YOUR INSTRUCTIONS: Leave the images aside and repeat the whole listing exactly.

THE DATA:
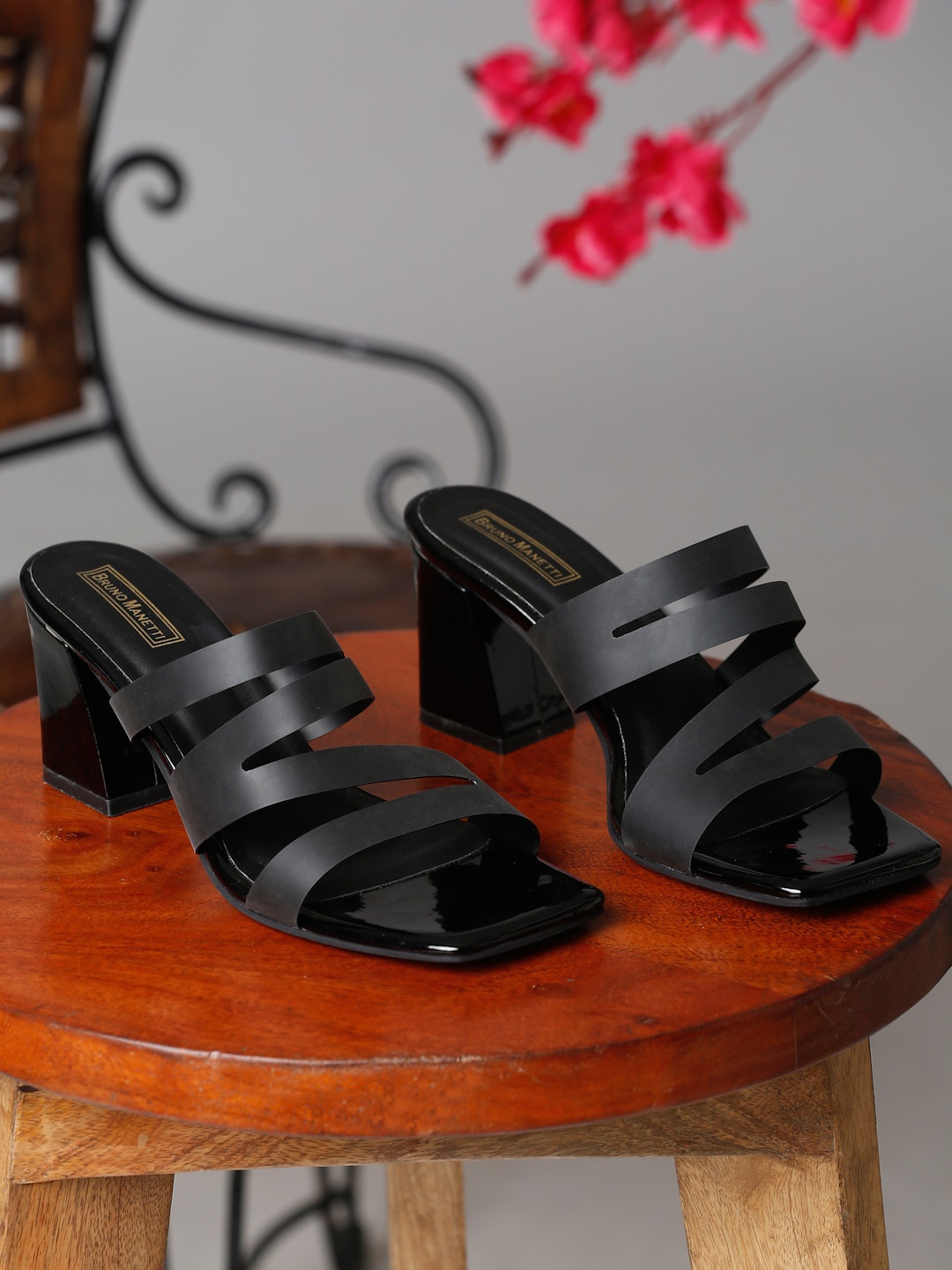 

Bruno Manetti Black Solid PU Block Sandals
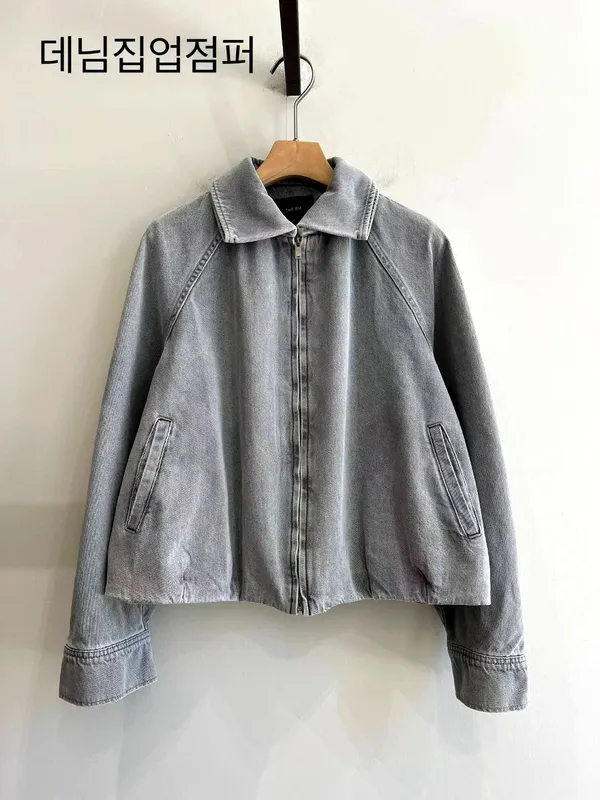 เสื้อผู้หญิงซิปสีเทาสไตล์ทันสมัย สวมใส่สบายและเข้ากันได้กับทุกชุด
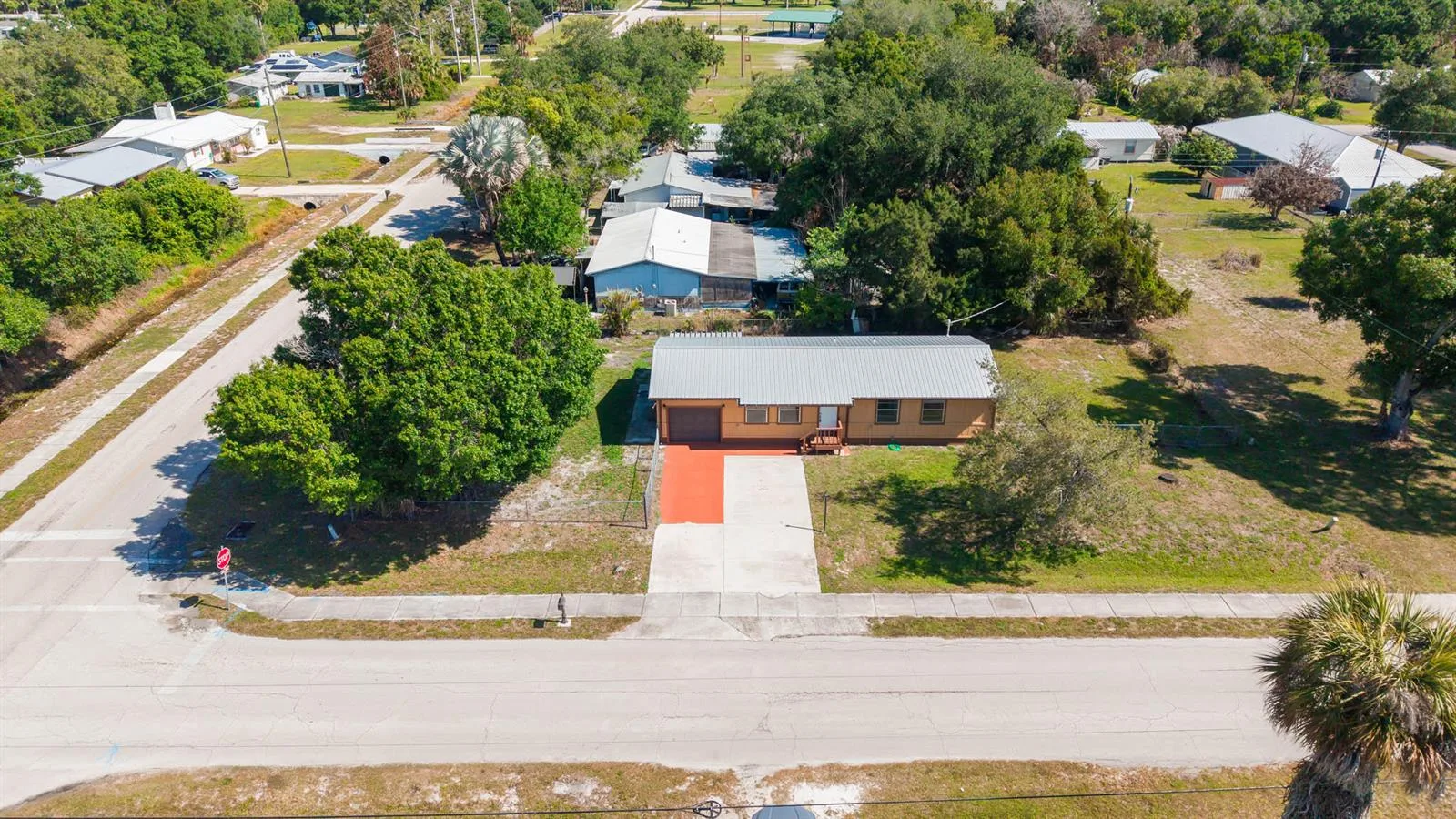 612 SW 9th Street, Okeechobee, FL 34974 photo 3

SOLUTION FOR THIS EXERCISE:
Bruno Manetti Black Solid PU Block Sandals
 เสื้อผู้หญิงซิปสีเทาสไตล์ทันสมัย สวมใส่สบายและเข้ากันได้กับทุกชุด
 612 SW 9th Street, Okeechobee, FL 34974 photo 3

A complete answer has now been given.